Created 11-11-2016 04:20 PM
I have a table with a few thousand rows in a small dev cluster and I am running a count on a ORC table and Tez is enabled.
The count takes a really really really long time or times out.
Any suggestions?
Created 11-11-2016 04:24 PM
@Timothy Spann counts on ORC tables should be fast as it can use the strip footer info and run much faster. Have you run stats on the table?
Created 11-11-2016 04:42 PM
Have you run analyze table <tablename> compute statistics for columns?
https://cwiki.apache.org/confluence/display/Hive/StatsDev#StatsDev-ExistingTables
Created 11-11-2016 05:36 PM
Can you help with the explain plan along with hive -hiveconf hive.root.logger=debug,console -e 'query' output
Created 04-22-2018 11:26 PM
Hi have you solve this problem? I am also having same problem as yours.
Created 04-23-2018 07:44 AM
If you are only interested in the number and not to display all lines in the table then try
select count(1) from table_name;
That should be faster, hope that helps !!!

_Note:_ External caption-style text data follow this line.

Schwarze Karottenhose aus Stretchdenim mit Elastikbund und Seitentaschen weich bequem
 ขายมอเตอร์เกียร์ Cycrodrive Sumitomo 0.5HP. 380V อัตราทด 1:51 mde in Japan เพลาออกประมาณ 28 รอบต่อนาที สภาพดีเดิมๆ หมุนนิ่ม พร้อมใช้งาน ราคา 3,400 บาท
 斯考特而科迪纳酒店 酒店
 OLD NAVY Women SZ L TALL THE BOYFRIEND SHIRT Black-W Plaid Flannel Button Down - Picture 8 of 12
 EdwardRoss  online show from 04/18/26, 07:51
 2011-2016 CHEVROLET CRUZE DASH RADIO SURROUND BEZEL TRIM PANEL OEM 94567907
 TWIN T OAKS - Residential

Created 04-23-2018 07:44 AM
If you are only interested in the number and not to display all lines in the table then try
select count(1) from table_name;
That should be faster, hope that helps !!!
Created 09-25-2018 12:47 PM
@Geoffrey Shelton Okot it is also taking the same time. I run query select count(ayx) from test_table. It took 17 Sec. and while i run select count(1) from test_table, the time remains same.
Could you please explore more about hive query fast processing.
Thanks
Created 04-18-2019 06:17 PM
This is an old thread, but for anyone looking at it, count(1) is the same query as count(*), so there are no performance benefits to using one over the other.